You're outside the city now.you MIGHT consider staying with the 3 gun kit suggested above it will make little difference but be aware you're not going to see many police out here after SHTF so you're going to be storing more parts and ammo so one might opt for a heavier hitting AK-47 and a higher capacity 9mm or even a heavy hitting revolver such as a 357 or 44 Magnum since you're going to be on your own anyway.add in a 22 pistol or rifle too and a case of squibs for what squirrels and rabbits drift in.

Your kit is getting heavier.in addition to the tools and parts suggested above, add in a multi tool and small adjustable wrench and 3 feet of garden hose to siphon gas with, a water purifier.

The knife:you can get a bit bigger out here, just make sure it's a quality blade.I like a K bar but anything good will suffice,just steer clear if daggers, they're great for fighting but little else.

The kit.ALICE pack and a shoulder bag.might consider some clothes too as you might occasion to switch from grey man to camouflage to hunt or loot.

*The rural kit:*

Go big bore with reach and power! I mean 308/7.62X51 NATO.there's only 3 real choices, each with its own positives and negatives.I like the FN-FAL rifles because they balance nice like an AR, are reliable and when something breaks, easy to fix!not real easy to scope but mounts are out there, I don't know if they're all alike but mine requires a re zero if I remove it.

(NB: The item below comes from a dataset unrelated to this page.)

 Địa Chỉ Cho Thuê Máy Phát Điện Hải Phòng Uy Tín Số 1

Next up is the M-14/M-1A.if you've never seen one it's like a WW2 M-1 Garand with a 20 round detachable magazine and the ability to load from stripper clips.they are known for accuracy and reliability but like it's ancestor the M-1,keep the grease pot handy because it needs a LOT on the operating rod and bolt cams.the BIG plus is they're easy to scope and with the type of mount it uses it always returns to a few points of zero not enough the average shooter will even notice!

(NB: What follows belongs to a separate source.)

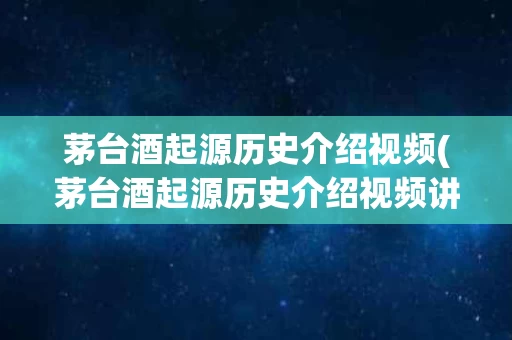 茅台酒起源历史介绍视频(茅台酒起源历史介绍视频讲解)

CETME/HK-91 [and clones]Back in the 80's if you were a survivalist THIS was THE gun if you were "elite". they balance like an AK and the light barrel tends to spread the shots after a magazine full HOWEVER the American made versions use heavier Match style barrels, I have not fired one of these but a heavier barrel solves most of my gripes with the weapon.it can be scoped......for a price, but the good news is that HK mounts always return to 0 and magazines are cheap right now. now more bad news,they like to wreck softer commercial brass due to the fluted chamber,but it can be re sized and used again.

add ons and doo dads abound.

The Kit:
You should be good to go from the suburban kit, just add a snake bite kit, poncho and a blanket.your knife can be a king sized Bowie out here, just be sure you pack a smaller folder.

Next chapter I'll deal with vehicles.


----------



## JoKing (Mar 11, 2012)

Magus, I am a 2 month old newbie. Could I ask, for the record, the list of firearms that you own. I will accept the middle finger.


----------



## mojo4 (Feb 19, 2012)

I like the kit! The only thing I would change is a slingshot instead of a pellet gun. They stow away smaller and as long as you can find small rocks its unlimited ammo. I also have a small water filter that I can pump into canteens or camel backs. You can't carry enough water but you can always find some. And I pack a 9mm instead of a .40. The ammo is substantially lighter, cheaper and it still has good ballistics.


----------



## d_saum (Jan 17, 2012)

If TPTB are listening.. I own a pellet gun. Thats it... eep:


----------



## rider1k (Apr 13, 2012)

Magus said:


> The 3 gun kit has been hashed and rehashed to death even by me but if this article is useful it MIGHT end up stickeyed for the new guys.so in this thread I'll try to outline how to chose your kit, save you some bucks and keep you alive.
> 
> Where are you and where are you going?
> 
> ...


Like the list. Very useful.


----------



## Magus (Dec 1, 2008)

JoKing said:


> Magus, I am a 2 month old newbie. Could I ask, for the record, the list of firearms that you own. I will accept the middle finger.


Subtract the HK-91 and you pretty much have it in the list.I don't recommend what I don't own or have much experience with.:flower:


----------



## FatTire (Mar 20, 2012)

Only one question, why a slim Jim if you have a hammer?


----------



## rider1k (Apr 13, 2012)

FatTire said:


> Only one question, why a slim Jim if you have a hammer?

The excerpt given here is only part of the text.